Import CoTrackerPredictor and create an instance of it. We'll use this object to estimate tracks:

In [6]:

def load_video(filename):
    video = read_video_from_path('./data/videos/' + filename)
    video = torch.from_numpy(video).permute(0, 3, 1, 2)[None].float()

    if torch.cuda.is_available():
        video = video.cuda()
    
    return video

Tracking manually selected points

In [17]:
import os, argparse, json, re
from collections import defaultdict
import pandas as pd

def load_annotations(file_path):
    frames = defaultdict(list)
    isExist = os.path.exists(file_path)
    if isExist:
      annotations = []
      with open(file_path, 'r') as f:
          annotations = json.load(f)
          
          keypoints = defaultdict(list)
          for person in annotations['annotations']:
            framecount = len(person['frames'])
            for frame_index in range(0, framecount):
              points = []
              if frame_index < framecount:
                frame = person['frames'][str(frame_index)]
                for node in frame['skeleton']['nodes']:
                    points.append({'id': node['name'], 'x' : node['x'], 'y': node['y']})

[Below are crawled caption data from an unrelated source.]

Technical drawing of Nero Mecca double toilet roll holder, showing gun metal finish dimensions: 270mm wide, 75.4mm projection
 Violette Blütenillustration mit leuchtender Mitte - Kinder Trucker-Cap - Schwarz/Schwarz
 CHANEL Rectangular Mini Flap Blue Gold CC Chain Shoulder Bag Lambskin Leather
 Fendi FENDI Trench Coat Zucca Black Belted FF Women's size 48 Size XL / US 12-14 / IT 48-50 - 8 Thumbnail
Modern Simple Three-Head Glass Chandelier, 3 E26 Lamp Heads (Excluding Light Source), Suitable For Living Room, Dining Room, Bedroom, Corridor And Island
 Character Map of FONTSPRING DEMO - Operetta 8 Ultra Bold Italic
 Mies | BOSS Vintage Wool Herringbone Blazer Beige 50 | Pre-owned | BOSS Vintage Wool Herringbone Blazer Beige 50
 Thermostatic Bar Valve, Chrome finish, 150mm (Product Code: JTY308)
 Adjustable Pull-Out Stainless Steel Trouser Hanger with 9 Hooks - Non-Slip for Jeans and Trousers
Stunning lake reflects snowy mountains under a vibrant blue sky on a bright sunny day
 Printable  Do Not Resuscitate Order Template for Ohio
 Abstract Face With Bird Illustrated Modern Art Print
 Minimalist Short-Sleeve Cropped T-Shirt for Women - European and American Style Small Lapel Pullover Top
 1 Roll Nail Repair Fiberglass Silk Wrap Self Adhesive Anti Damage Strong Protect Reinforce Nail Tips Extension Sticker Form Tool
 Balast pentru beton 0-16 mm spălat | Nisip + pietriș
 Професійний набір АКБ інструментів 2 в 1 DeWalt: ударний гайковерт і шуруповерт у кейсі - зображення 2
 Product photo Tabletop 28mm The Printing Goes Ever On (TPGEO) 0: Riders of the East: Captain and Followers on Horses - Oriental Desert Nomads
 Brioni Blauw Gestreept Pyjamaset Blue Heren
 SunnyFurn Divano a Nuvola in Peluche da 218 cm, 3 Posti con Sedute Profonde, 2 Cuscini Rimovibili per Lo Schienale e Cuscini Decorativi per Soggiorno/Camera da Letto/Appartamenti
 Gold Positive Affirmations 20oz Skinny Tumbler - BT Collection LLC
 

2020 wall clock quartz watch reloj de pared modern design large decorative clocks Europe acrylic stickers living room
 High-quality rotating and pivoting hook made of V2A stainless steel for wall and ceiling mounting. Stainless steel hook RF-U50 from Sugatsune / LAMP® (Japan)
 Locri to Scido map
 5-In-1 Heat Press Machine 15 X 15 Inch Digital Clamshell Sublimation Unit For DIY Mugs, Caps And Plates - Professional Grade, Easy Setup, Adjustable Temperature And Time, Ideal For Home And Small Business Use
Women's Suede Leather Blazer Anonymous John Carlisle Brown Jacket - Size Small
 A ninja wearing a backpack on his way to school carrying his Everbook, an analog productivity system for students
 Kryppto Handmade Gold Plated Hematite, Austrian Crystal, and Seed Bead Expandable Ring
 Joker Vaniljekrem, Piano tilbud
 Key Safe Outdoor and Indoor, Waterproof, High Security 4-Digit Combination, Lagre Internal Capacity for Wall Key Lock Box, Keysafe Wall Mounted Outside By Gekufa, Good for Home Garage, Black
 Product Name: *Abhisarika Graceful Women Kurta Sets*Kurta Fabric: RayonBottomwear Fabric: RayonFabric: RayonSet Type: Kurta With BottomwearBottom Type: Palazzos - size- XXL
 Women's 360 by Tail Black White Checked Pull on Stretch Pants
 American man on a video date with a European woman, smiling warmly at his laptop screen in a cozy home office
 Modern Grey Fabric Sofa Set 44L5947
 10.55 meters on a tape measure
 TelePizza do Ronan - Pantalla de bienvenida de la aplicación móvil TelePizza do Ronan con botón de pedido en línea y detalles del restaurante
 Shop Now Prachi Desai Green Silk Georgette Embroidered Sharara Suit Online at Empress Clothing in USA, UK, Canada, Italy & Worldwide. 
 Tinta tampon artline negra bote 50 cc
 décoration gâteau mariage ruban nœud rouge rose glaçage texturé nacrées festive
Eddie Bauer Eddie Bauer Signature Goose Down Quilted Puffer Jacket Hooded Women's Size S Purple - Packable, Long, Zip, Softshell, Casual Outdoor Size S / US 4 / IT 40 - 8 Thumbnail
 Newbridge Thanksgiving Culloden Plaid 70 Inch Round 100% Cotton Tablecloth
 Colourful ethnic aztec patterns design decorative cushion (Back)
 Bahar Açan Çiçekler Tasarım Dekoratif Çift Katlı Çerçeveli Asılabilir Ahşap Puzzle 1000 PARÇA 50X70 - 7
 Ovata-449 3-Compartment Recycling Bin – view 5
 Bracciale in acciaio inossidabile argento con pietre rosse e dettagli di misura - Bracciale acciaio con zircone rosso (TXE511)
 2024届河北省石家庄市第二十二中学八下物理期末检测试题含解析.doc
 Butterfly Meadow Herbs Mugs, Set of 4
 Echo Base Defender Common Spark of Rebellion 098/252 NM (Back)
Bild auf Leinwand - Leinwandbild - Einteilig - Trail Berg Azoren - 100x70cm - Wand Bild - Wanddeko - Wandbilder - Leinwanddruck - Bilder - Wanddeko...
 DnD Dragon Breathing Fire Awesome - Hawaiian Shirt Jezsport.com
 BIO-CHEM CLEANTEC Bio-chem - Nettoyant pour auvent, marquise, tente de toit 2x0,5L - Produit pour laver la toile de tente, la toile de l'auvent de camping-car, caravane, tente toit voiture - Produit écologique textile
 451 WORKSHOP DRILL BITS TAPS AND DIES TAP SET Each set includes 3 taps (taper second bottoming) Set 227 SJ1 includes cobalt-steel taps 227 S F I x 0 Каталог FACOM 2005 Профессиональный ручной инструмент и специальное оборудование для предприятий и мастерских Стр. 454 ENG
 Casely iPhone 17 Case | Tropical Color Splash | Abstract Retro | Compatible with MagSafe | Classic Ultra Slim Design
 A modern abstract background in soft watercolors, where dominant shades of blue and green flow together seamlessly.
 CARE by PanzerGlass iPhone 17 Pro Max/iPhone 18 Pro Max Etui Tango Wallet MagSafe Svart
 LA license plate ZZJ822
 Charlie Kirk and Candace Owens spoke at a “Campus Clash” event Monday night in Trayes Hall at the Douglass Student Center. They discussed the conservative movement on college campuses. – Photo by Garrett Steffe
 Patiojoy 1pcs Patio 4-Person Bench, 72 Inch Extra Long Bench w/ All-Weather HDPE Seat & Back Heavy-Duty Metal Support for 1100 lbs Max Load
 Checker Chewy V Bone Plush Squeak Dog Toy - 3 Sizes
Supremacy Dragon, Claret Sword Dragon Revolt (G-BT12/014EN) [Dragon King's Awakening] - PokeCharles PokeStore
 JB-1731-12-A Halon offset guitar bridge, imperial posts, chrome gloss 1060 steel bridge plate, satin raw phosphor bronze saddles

              if len(points) > 0:
                keypoints[frame_index].append({'person': {'points': points}})

          for frame in range(0, len(keypoints)):
            frames[frame] = keypoints[frame]

    return frames


def get_queries_for_frame(frame_number, annotations):
  i = 0

  for person in annotations[frame_number]:
    for point in person['person']['points']:
      new_tensor = torch.tensor([float(frame_number), point['x'], point['y']])
      if i == 0:
        queries_for_frames = new_tensor
      else:
        queries_for_frames = torch.vstack((queries_for_frames, new_tensor))
      i += 1

  return queries_for_frames


def get_queries_for_frames(start_frame, end_frame, annotations, step = 4):
  frame = 0
  frames_dict = defaultdict(list)
  all_queries_for_frames = None

  if end_frame == -1:
    end_frame = len(annotations)

  for frame in range(start_frame, end_frame, step):
    queries_for_frames = None
    for person in annotations[frame]:
      for point in person['person']['points']:
        if 'occluded' in point and point['occluded'] == 'false':
          continue
        new_tensor = torch.tensor([float(frame), point['x'], point['y']])
        if queries_for_frames is None:
          queries_for_frames = new_tensor
        if all_queries_for_frames is None:
          queries_for_frames = new_tensor
          all_queries_for_frames = new_tensor
        else:
          queries_for_frames = torch.vstack((queries_for_frames, new_tensor))
          all_queries_for_frames = torch.vstack((all_queries_for_frames, new_tensor))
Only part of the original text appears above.